Encoder Front Page
SRS Home | Front Page | Monthly Issue | Index
Search WWW Search seattlerobotics.org


Fixed point math

Kevin Ross


[This is a post I made to the list server last month. The basis of the discussion is how to do navigation on a 'small' computer. One proposal was to use floating point. My reply was that floating point can be useful, but is also very slow. I have attempted to describe how a fixed point number works, and specifically how to modify your thinking a little bit to perhaps do your math in Base256 or above, rather than Base10].

Sent: Sunday, July 23, 2000 10:05 PM
Subject: Re: [SeattleRobotics] IEEE floating point
> How do you think you will do navigation without floating point?  If one
> wheel turns a quarter of a turn more than the other what direction are you
> heading?  How can you traverse a random path and then return to directly
> opposed to retracing your steps).  It  takes trig functions, and they do
> work well when rounded to the nearest integer.
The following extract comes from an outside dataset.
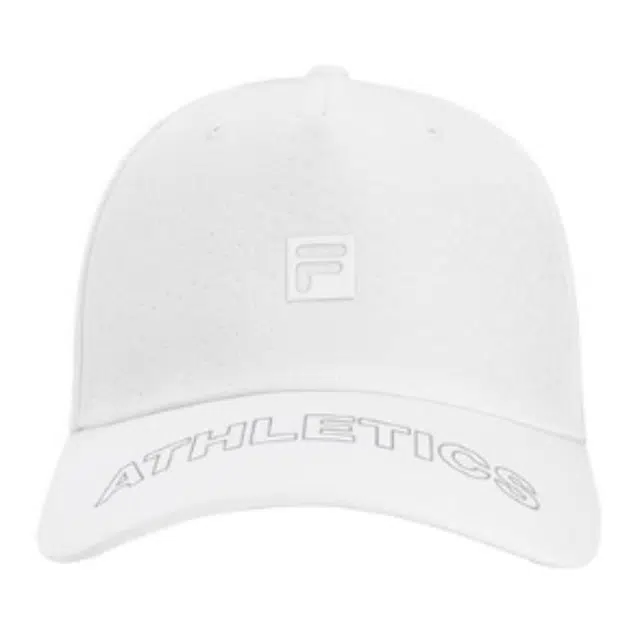 FILA Logo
It is quite possible to do navigation using something other than floating
point. I hope I didn't tout the floating point representation of a number
too much, as it has lots of extremely serious drawbacks. The first and most
important is that most floating point software routines are very, very, very
slow! In reality, the best way to write software is to NOT use floating
point, unless your target machine has floating point hardware.
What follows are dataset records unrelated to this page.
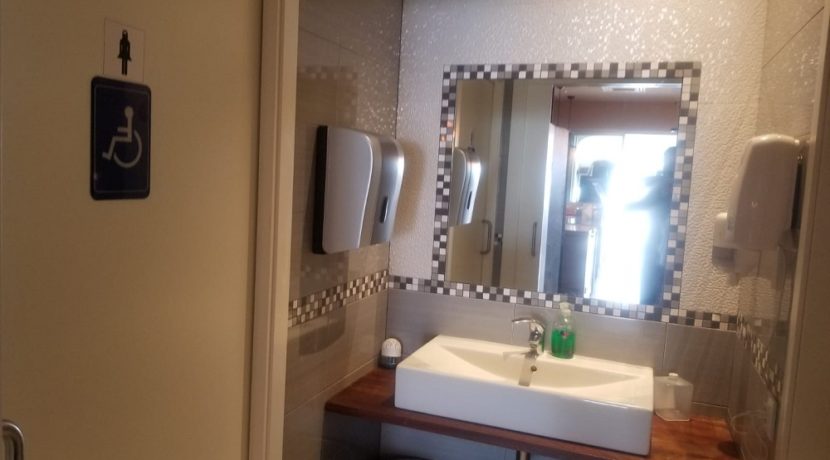 Escala-bar tapas-com20258-8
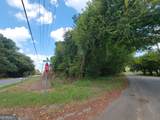 0 Calhoun Road - Photo 12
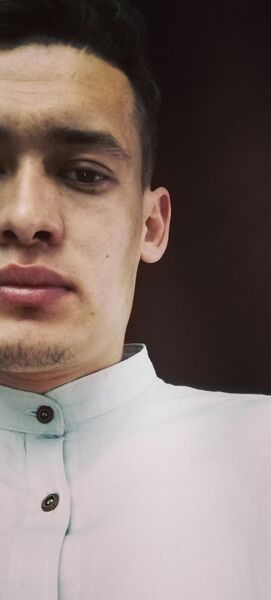  ,   Talant, 27 ,   ,   , c 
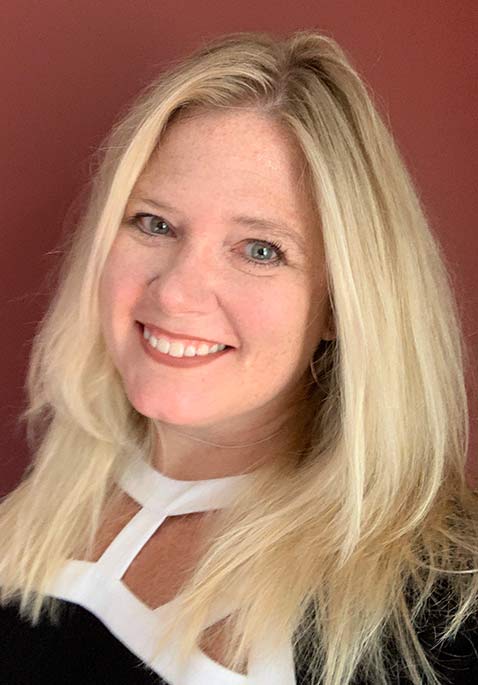 Brenda-Eagan-Johnson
The reason most people end up using floating point is because we are used to
dealing with decimal based numbers. It is intuitive for us, since that is
what we learned in school. In reality, there is absolutely nothing magical
about base 10 numbers. In reality, base 10 numbers really suck on a
differently based machine such as a microcontroller. I was going to say
binary, but that isn't really true. Most microcontrollers are really byte
sized. Some are word sized. Some are long word (32-bit)  sized.  If you
could write your equations all in base 256 (or base 0xFFFF for a 16 bit
machine), you would find the math works out pretty well!
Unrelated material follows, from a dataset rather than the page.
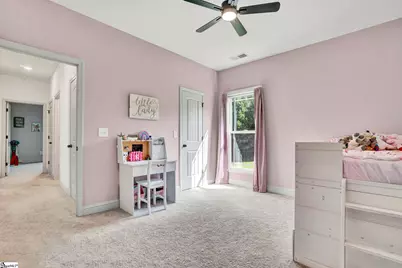 620 Daventon Road, Honea Path, SC 29654 - Photo 24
If you take a couple of steps back, you might realize that the only thing
that floating point numbers help you with is the ability to do math on
numerical values with ranges that exceed the maximum integer size. For
example, with floating point, I can multiply 1,234,567 by 0.1234567. This
is, however, not very accurate because I can't represent the entire range of
numbers in a 32-bit value. I will get something that is close to the answer.
Floating point is mostly used to work with numbers of different magnitude.
It helps because the calculations keep the magnitude of the values as an
integral part of the calculation. It costs you accuracy, however, when the
magnitude of the values are drastically different.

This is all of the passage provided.